Second hybrid barge helps Cooke Aquaculture to reduce its carbon footprint

Vestness barge Orkney

Cooke Aquaculture Scotland has deployed a second hybrid feed barge, which the company says will reduce carbon emissions and noise at its Vestness site in Westray, Orkney.

Following successful results from installing its first hybrid system at its Mill Bay site in Stronsay, Orkney in 2022, Cooke Scotland has continued to make great strides in its commitment to sustainability with the installation of an additional barge to enhance power supply management.

In its first year, the hybrid solution at Mill Bay has reduced fuel consumption by 40 per cent and therefore, there has been a significant reduction in the site’s Greenhouse Gas (GHG) emissions and fuel usage. It further contributes to a quieter working environment for barge personnel and the neighbouring area.

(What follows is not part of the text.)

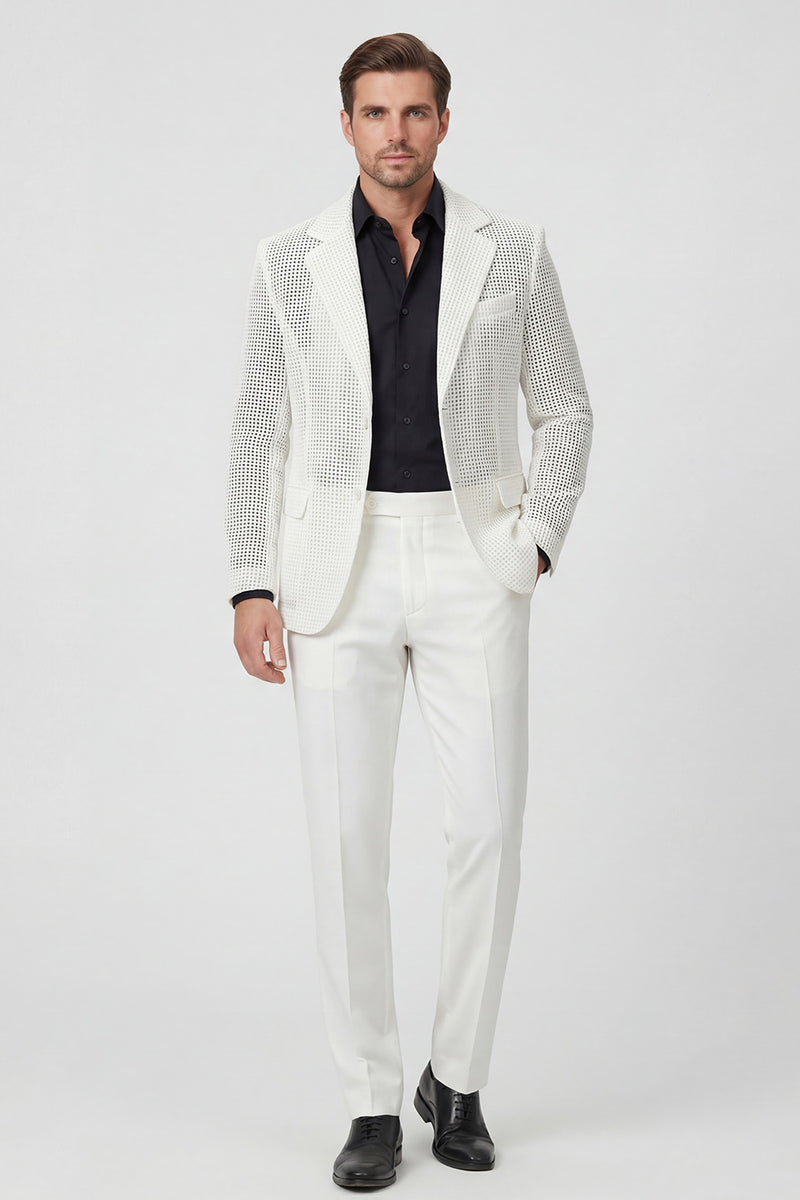 Load image into Gallery viewer, 2 Piece Notched Lapel White Single Breasted Men Prom Suits with Pockets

This also reflects Cooke’s ongoing commitment to listen to local community feedback and take positive actions which benefit all parties.

The hybrid system uses the residual capacity from the generator to charge the batteries, while at the same time, the auxiliary diesel generator feeds electricity to the rest of the facility. Once the batteries are fully charged, the generator stops, and the hybrid system operates the facility.

The Vestness site is the first in Orkney to have a retrofit installation on an existing barge.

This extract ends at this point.